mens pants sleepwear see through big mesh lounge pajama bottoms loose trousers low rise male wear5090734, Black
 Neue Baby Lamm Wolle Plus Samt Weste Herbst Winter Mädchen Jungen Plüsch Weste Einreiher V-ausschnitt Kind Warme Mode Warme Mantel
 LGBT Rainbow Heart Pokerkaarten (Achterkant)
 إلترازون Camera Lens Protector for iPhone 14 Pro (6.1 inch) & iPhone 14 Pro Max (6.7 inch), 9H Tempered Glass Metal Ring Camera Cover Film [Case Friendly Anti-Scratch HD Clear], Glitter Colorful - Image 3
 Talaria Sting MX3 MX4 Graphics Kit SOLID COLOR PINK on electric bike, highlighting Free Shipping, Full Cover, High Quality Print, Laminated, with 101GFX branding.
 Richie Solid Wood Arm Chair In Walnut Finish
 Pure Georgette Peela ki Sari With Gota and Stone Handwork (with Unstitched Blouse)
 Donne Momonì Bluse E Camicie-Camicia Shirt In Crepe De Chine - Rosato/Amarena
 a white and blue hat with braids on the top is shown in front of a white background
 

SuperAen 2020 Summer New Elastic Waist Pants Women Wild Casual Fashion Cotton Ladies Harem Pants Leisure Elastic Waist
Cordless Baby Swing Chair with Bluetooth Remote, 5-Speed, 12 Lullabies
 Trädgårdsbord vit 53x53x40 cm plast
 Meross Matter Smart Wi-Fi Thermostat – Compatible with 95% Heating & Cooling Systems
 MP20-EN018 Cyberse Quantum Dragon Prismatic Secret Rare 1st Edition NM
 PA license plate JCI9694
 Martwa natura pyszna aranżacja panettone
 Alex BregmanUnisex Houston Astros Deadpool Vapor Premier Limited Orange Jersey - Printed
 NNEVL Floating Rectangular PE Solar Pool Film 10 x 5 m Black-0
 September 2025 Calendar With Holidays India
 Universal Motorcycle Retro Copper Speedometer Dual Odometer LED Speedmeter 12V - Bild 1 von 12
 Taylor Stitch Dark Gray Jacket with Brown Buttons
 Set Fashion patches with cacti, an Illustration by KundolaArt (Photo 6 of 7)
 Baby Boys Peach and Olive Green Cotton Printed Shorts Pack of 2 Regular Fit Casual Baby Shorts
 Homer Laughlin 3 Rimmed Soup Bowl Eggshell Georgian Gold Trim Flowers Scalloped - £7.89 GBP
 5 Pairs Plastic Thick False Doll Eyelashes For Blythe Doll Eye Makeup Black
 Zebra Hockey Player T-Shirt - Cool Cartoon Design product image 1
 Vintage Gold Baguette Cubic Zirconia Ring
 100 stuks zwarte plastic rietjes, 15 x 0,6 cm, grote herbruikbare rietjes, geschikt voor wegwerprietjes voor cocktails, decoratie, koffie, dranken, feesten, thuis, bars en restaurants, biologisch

:: EXERCISE DESCRIPTION ::
Return the material exactly as it stands.

:: ANSWER TO THIS TASK ::
mens pants sleepwear see through big mesh lounge pajama bottoms loose trousers low rise male wear5090734, Black
 Neue Baby Lamm Wolle Plus Samt Weste Herbst Winter Mädchen Jungen Plüsch Weste Einreiher V-ausschnitt Kind Warme Mode Warme Mantel
 LGBT Rainbow Heart Pokerkaarten (Achterkant)
 إلترازون Camera Lens Protector for iPhone 14 Pro (6.1 inch) & iPhone 14 Pro Max (6.7 inch), 9H Tempered Glass Metal Ring Camera Cover Film [Case Friendly Anti-Scratch HD Clear], Glitter Colorful - Image 3
 Talaria Sting MX3 MX4 Graphics Kit SOLID COLOR PINK on electric bike, highlighting Free Shipping, Full Cover, High Quality Print, Laminated, with 101GFX branding.
 Richie Solid Wood Arm Chair In Walnut Finish
 Pure Georgette Peela ki Sari With Gota and Stone Handwork (with Unstitched Blouse)
 Donne Momonì Bluse E Camicie-Camicia Shirt In Crepe De Chine - Rosato/Amarena
 a white and blue hat with braids on the top is shown in front of a white background
 

SuperAen 2020 Summer New Elastic Waist Pants Women Wild Casual Fashion Cotton Ladies Harem Pants Leisure Elastic Waist
Cordless Baby Swing Chair with Bluetooth Remote, 5-Speed, 12 Lullabies
 Trädgårdsbord vit 53x53x40 cm plast
 Meross Matter Smart Wi-Fi Thermostat – Compatible with 95% Heating & Cooling Systems
 MP20-EN018 Cyberse Quantum Dragon Prismatic Secret Rare 1st Edition NM
 PA license plate JCI9694
 Martwa natura pyszna aranżacja panettone
 Alex BregmanUnisex Houston Astros Deadpool Vapor Premier Limited Orange Jersey - Printed
 NNEVL Floating Rectangular PE Solar Pool Film 10 x 5 m Black-0
 September 2025 Calendar With Holidays India
 Universal Motorcycle Retro Copper Speedometer Dual Odometer LED Speedmeter 12V - Bild 1 von 12
 Taylor Stitch Dark Gray Jacket with Brown Buttons
 Set Fashion patches with cacti, an Illustration by KundolaArt (Photo 6 of 7)
 Baby Boys Peach and Olive Green Cotton Printed Shorts Pack of 2 Regular Fit Casual Baby Shorts
 Homer Laughlin 3 Rimmed Soup Bowl Eggshell Georgian Gold Trim Flowers Scalloped - £7.89 GBP
 5 Pairs Plastic Thick False Doll Eyelashes For Blythe Doll Eye Makeup Black
 Zebra Hockey Player T-Shirt - Cool Cartoon Design product image 1
 Vintage Gold Baguette Cubic Zirconia Ring
 100 stuks zwarte plastic rietjes, 15 x 0,6 cm, grote herbruikbare rietjes, geschikt voor wegwerprietjes voor cocktails, decoratie, koffie, dranken, feesten, thuis, bars en restaurants, biologisch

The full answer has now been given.